Minor league ballplayer ends tabloid tale with 500 hours of volunteering

 An actor and former minor league baseball player who stomped and kicked his girlfriend's cat to death has ended the tabloid tale with 500 hours of volunteering — some of it teaching pitching, his lawyer said Friday.

Joseph Petcka's case was conditionally discharged Friday, meaning it's expected to be closed without jail time or probation once he pays court costs. Manhattan state Supreme Court Justice Michael Obus also let Petcka reduce his guilty plea to attempted aggravated animal cruelty, a misdemeanor.

Petcka, 39, initially pleaded guilty last year to a felony charge for killing the cat in March 2007. A jury had deadlocked after five days of deliberations.

"I am confident that there will be no further allegations about abuse of animals on your part," Obus said.
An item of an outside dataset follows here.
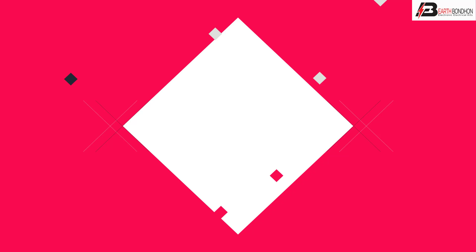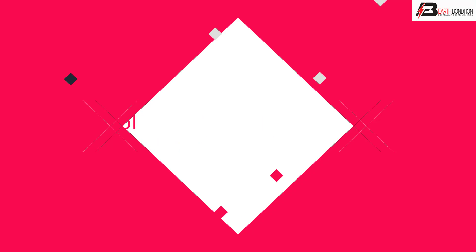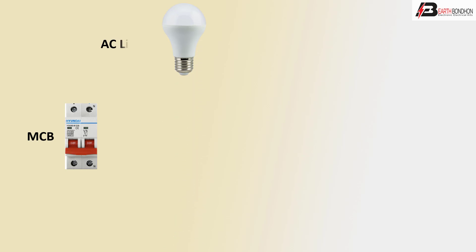Hello viewers, today we discuss the AC DC line light control automatic. Let's start. First, MCB double-pole circuit breaker, AC light or DC light, and 8-pin relay.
Prosecutors said the actor and former New York Mets minor leaguer attacked the 8-pound, declawed cat in a drunken, jealous rage after complaining that his then-girlfriend loved the cat more than she loved him. He said he overreacted after being bitten by the tabby, named Norman.

Since his plea last year, Petcka has completed 500 hours of community service at a soup kitchen, children's art program and youth club where he taught pitching, prosecutors and his lawyer said.

"We're just glad that it's over, and we feel that he's paid his debt," defense lawyer Charles S. Hochbaum said. Petcka declined to comment.

Petcka pitched in the Mets' minor league system in 1992. He later acted in a paper-towel commercial and had small roles in "Sex and the City" and other television shows.